In a dynamic modern world, the influence of technology is extensively observed in nursing work, hence the role of informatics. Therefore, in developing this assignment nursing informatics was relevant in providing access to a host of the information and data. This alludes problem solving skill, which forms a vital part of informatics. In light of the assignment, nursing informatics role in providing further education and knowledge was significantly reflected in the ease of access to trusted evidence-based information and other education tools. For instance, platforms like social media offer a wide array of healthcare information crucial for collaboration with other care providers (Eardley et al, 2015). Secondly, the interpersonal skills is another crucial role of nursing informatics relevant in the assignment. With new technology, it was possible to link up with clinicians, thus finding information about patient situations.

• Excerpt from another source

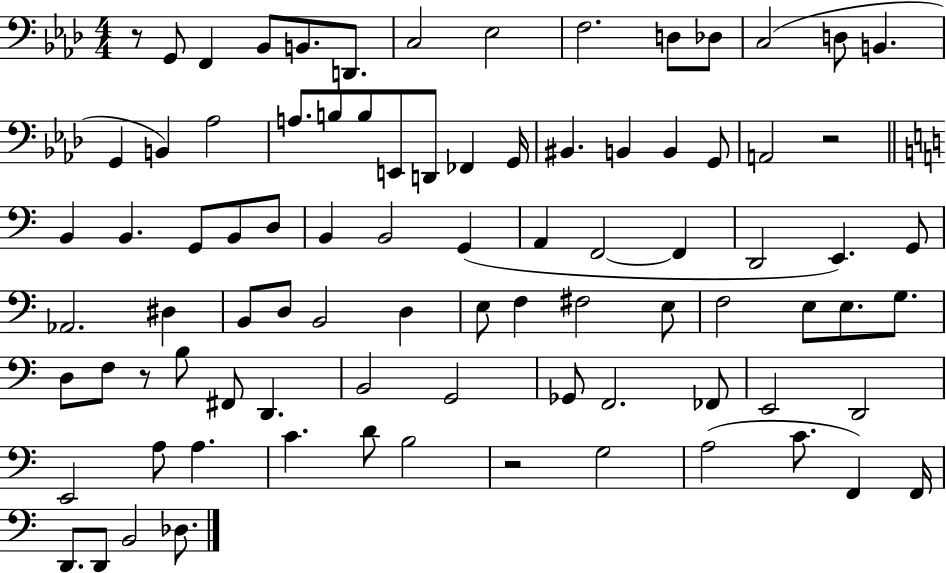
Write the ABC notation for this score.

The ability to work with health data systems was an equally important skill within the nursing informatics that was relevant in the assignment. Having incredible knowledge in the data systems is crucial in working through the electronic health records, reading measurements, estimations and general processing of patient data. As previously observed, one of the requisite elements of technology is that practitioners are expected to go through a significant period of learning. Therefore, understanding how the technology operates with respect to specific devices is a key aspect that underlines the significance of nursing informatics (Joudaki et al, 2015). Communication is another informatics skills that was essential in the completion of this paper. Apparently, communication does not imply representing ones knowledge but equally listening to the contributions made by others as well.
Technology is transforming the healthcare industry by promoting the quest for positive patient outcomes and increasing quality care. Amidst the EHRs, the risk of fraud looms, particularly through copy-pasting among others. Even then, positives can be observed in saving the healthcare industry billions of dollars, improving efficiency, realization of meaningful use and increased collaboration based on better communication. Apparently, a future recommendation on the issue of fraud and overall use of EHRs concerns implementation of patient identity frame, which will validate the information entered by the nurse. It will imply that the right information is recorded each time. In addition, it is also vital to implement policies and procedures that will ensure certainty in the EHRs functions. For instance, it is necessary to put a system in place that will determine when copy and paste are acceptable and how often the EHR system will be audited. Lastly, it is crucial that review of the records is undertaken more often to detect discrepancies, changes and other errors. Essentially, all the changes should be focus on improving patient outcomes.